Question

Prove that \[\dfrac{{\sec 8A - 1}}{{\sec 4A - 1}} = \dfrac{{\tan 8A}}{{\tan 2A}}\]

Answer 1

Hint: Here, we are asked to prove the given expression. To prove this take one side of the given equation that is (left hand side) L.H.S or (right hand side) R.H.S and then simplify it using the trigonometry formulas.
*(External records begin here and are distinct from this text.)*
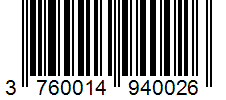 Barcode 3760014940026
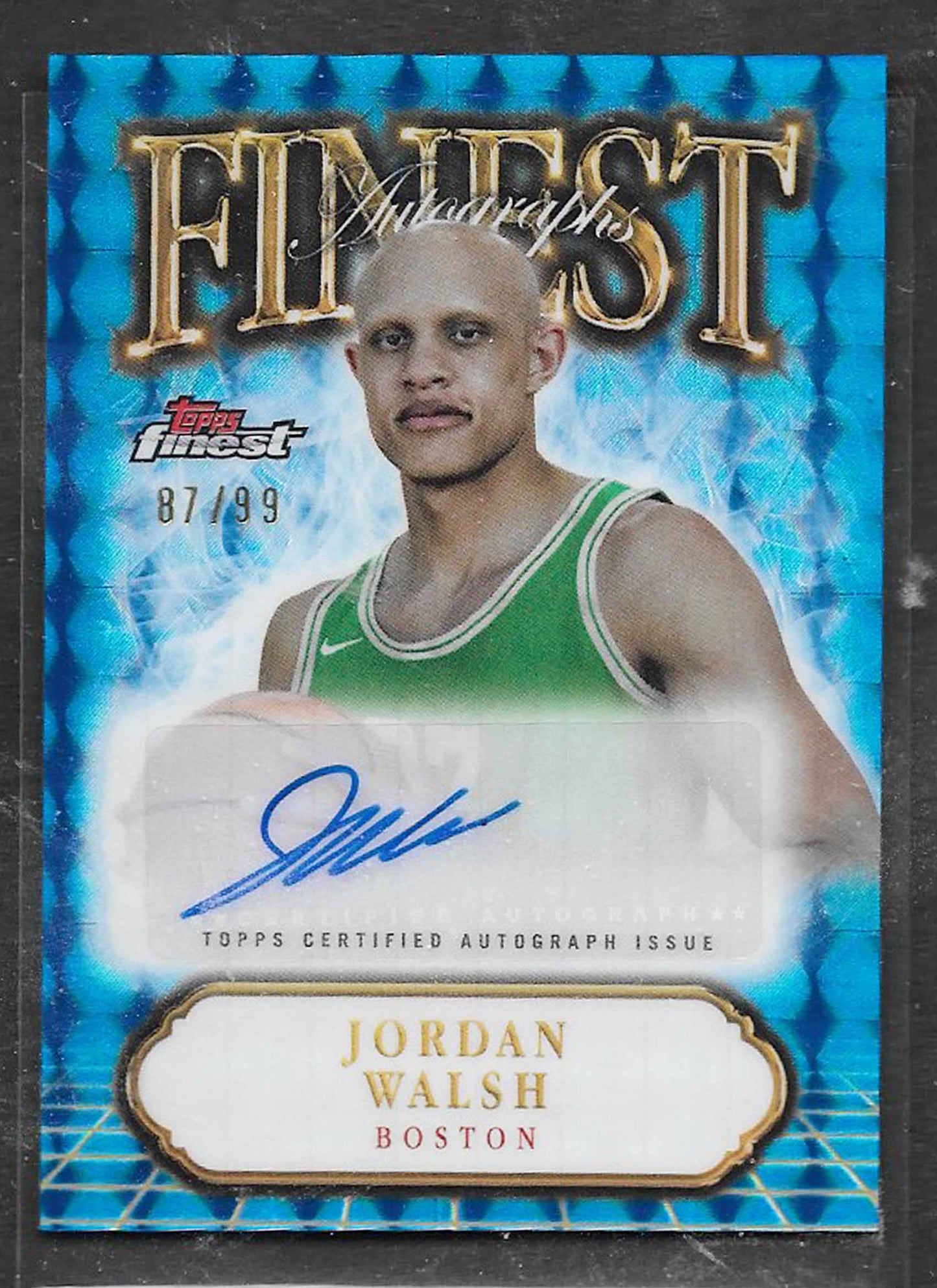 Walsh, Jordan 2024 Topps Finest autograph 87/99 #fa-jow CELTICS RAZORBACKS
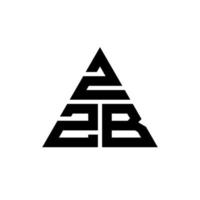création de logo de lettre triangle zzb avec forme de triangle. monogramme de conception de logo triangle zzb. modèle de logo vectoriel triangle zzb avec couleur rouge. logo triangulaire zzb logo simple, élégant et luxueux.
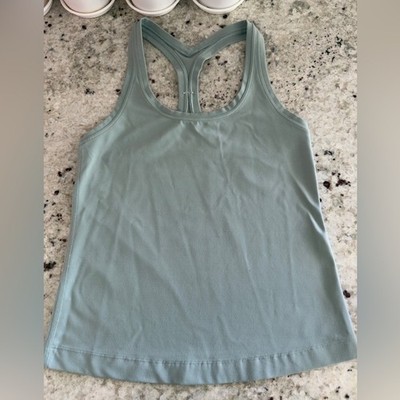 Lululemon Cool Racerback Tank Nulu Teal Size 4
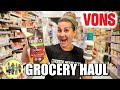 MASSIVE VONS GROCERY HAUL | LATE NIGHT GROCERY SHOPPING for LARGE FAMILY of 7 | PHILLIPS FamBam Haul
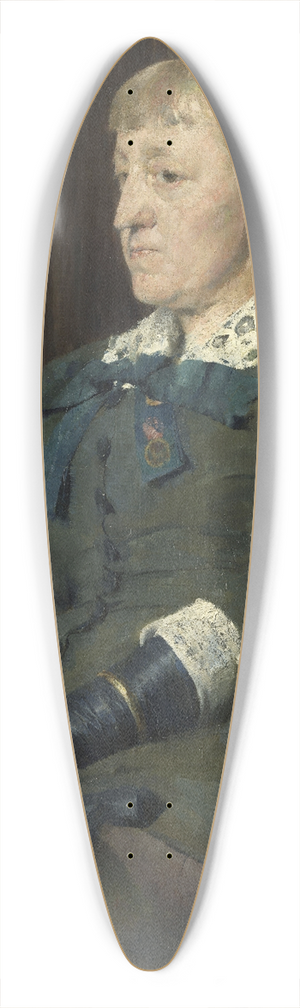Harriet Backer - Portrait of the Painter Kitty Kielland 39.3 inch art pintail longboard deck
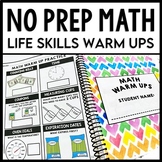 Math Warm Up - Life Skills - Daily Work - Bundle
If you take the L.H.S then try to simplify it to make it equal to R.H.S and if you take R.H.S then try to make it equal to L.H.S. While solving, try to use the trigonometric formulas to simplify the steps.

Complete step-by-step answer:
We are asked to prove the equation \[\dfrac{{\sec 8A - 1}}{{\sec 4A - 1}} = \dfrac{{\tan 8A}}{{\tan 2A}}\]
First let us take the L.H.S \[ = \dfrac{{\sec 8A - 1}}{{\sec 4A - 1}}\]
We know, \[\sec x = \dfrac{1}{{\cos x}}\]
Using this on L.H.S we get,
\[{\text{L}}{\text{.H}}{\text{.S}} = \dfrac{{\sec 8A - 1}}{{\sec 4A - 1}} \\
   = \dfrac{{\dfrac{1}{{\cos 8A}} - 1}}{{\dfrac{1}{{\cos 4A}} - 1}} \\
= \dfrac{{\left( {1 - \cos 8A} \right)\cos 4A}}{{\left( {1 - \cos 4A} \right)\cos 8A}}\] (i)
We can write, \[{\sin ^2}x = \dfrac{1}{2}(1 - \cos 2x)\]
\[ \Rightarrow 2{\sin ^2}x = 1 - \cos 2x\]
Using this in equation (i) we get
\[{\text{L}}{\text{.H}}{\text{.S}} = \dfrac{{\left( {2{{\sin }^2}4A} \right)\left( {\cos 4A} \right)}}{{\left( {2{{\sin }^2}2A} \right)\left( {\cos 8A} \right)}}\]
\[ = \dfrac{{\left( {2\sin 4A\cos 4A} \right)\sin 4A}}{{\left( {2{{\sin }^2}2A} \right)\left( {\cos 8A} \right)}}\] (ii)
We can write \[2\sin x\cos x = \sin 2x\], using this formula in equation (ii), we get
\[ \dfrac{{\left( {2\sin 4A\cos 4A} \right)\sin 4A}}{{\left( {2{{\sin }^2}2A} \right)\left( {\cos 8A} \right)}} \\
   = \dfrac{{\sin 8A\sin 4A}}{{\left( {\cos 8A} \right)\left( {2{{\sin }^2}2A} \right)}} \\
   = \left( {\dfrac{{\sin 8A}}{{\cos 8A}}} \right)\left( {\dfrac{{\sin 4A}}{{2{{\sin }^2}2A}}} \right) \\
   = \tan 8A\left( {\dfrac{{\sin 4A}}{{2{{\sin }^2}2A}}} \right) \]
Again using the formula \[2\sin x\cos x = \sin 2x\] for \[\sin 4A\], we get
\[ \tan 8A\left( {\dfrac{{\sin 4A}}{{2{{\sin }^2}2A}}} \right) \\
   = \tan 8A\left( {\dfrac{{2\sin 2A\cos 2A}}{{2{{\sin }^2}2A}}} \right) \\
   = \tan 8A\left( {\dfrac{{\cos 2A}}{{\sin 2A}}} \right) \\
   = \dfrac{{\tan 8A}}{{\tan 2A}} \]

Therefore, we get
\[{\text{L}}{\text{.H}}{\text{.S}} = \dfrac{{\sec 8A - 1}}{{\sec 4A - 1}} = \dfrac{{\tan 8A}}{{\tan 2A}}\]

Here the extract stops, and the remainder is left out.